Farm Africa, with funding from UK aid from the UK government, launched a project in September 2019 to close the gender gap in the coffee industry in Kanungu. The project works with coffee cooperatives, coffee farmers and local bodies to provide women with greater autonomy at the household, farm and cooperative level.

The project has helped women save and invest in their businesses by providing women with access to financial resources through Village Savings and Loan Associations (VSLAs), a group where women are able to save together and share financial resources, and by linking female coffee producers to financial institutions.

Farm Africa has also introduced voluntary household land-use agreements. Often daughters in Kanungu receive markedly less land than sons, or are totally excluded from land agreements. The project team has been working with families to ensure women have control over a designated portion of land to grow their coffee on.

Alongside providing women with resources to take control and grow their coffee businesses, the project is also focused on changing attitudes and unpicking myths surrounding women’s value and contributions to the industry through Gender Action Learning System Approach (GALS).
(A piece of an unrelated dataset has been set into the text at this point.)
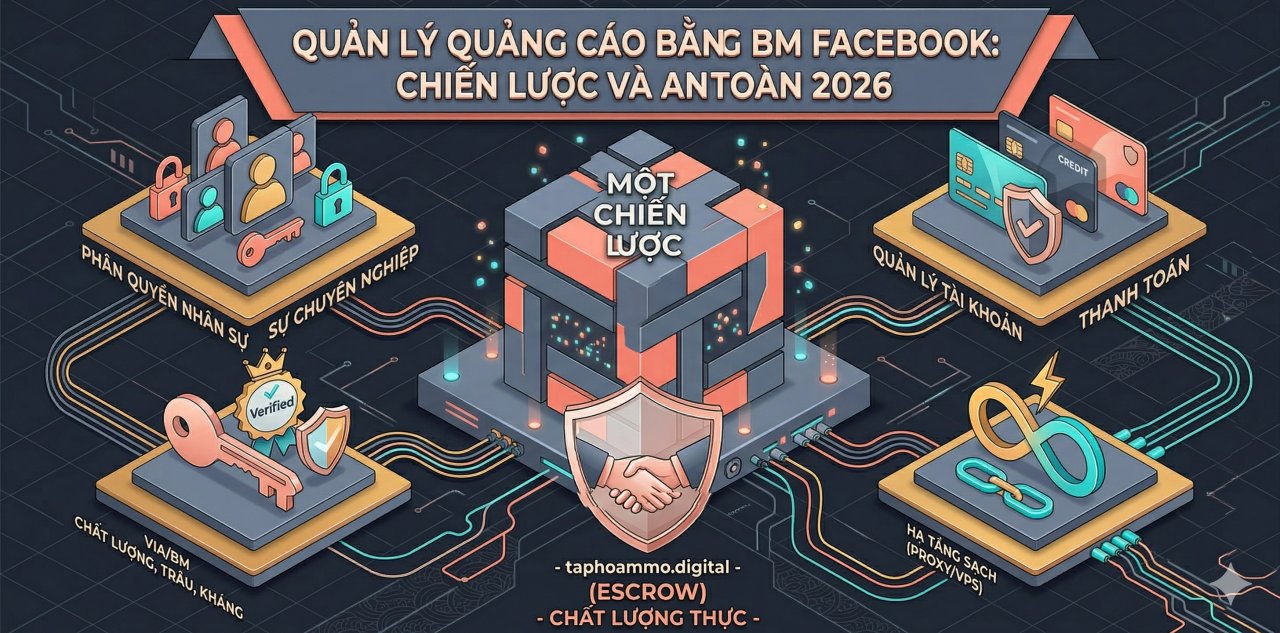 Quản lý quảng cáo bằng BM Facebook: Hướng dẫn toàn diện và an toàn 2026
This approach brings women and male decision-makers together to explore the economic and social benefits of women’s empowerment, spotlighting the benefits households stand to gain by providing women with access to, and control over the proceeds from, economic activities.

Hildah Turyamusiima has seen a positive change since participating in the project, establishing a land use agreement with her husband and becoming a trainer on GALS so that other women within her community can also have more say over coffee production and household expenditure.

“Farm Africa has trained us on GALS where there is a vision journey and a soul mate vision… my goal is to buy a car and build a family house with my husband with the savings from our coffee sales.”

Farm Africa’s WEEIA survey, which was conducted in November 2020, confirmed the success of the project so far, it found that alongside an increase in decision making, female coffee farmers are benefitting from having more control over household income, access to leadership roles within their coffee groups and cooperatives, and greater access to land.

 “When female farmers prosper, the benefits are felt by all: the hard-working women themselves, the children who they invest in and the economies that they drive,” commented Rachel Beckett, Farm Africa’s Country Director in Uganda.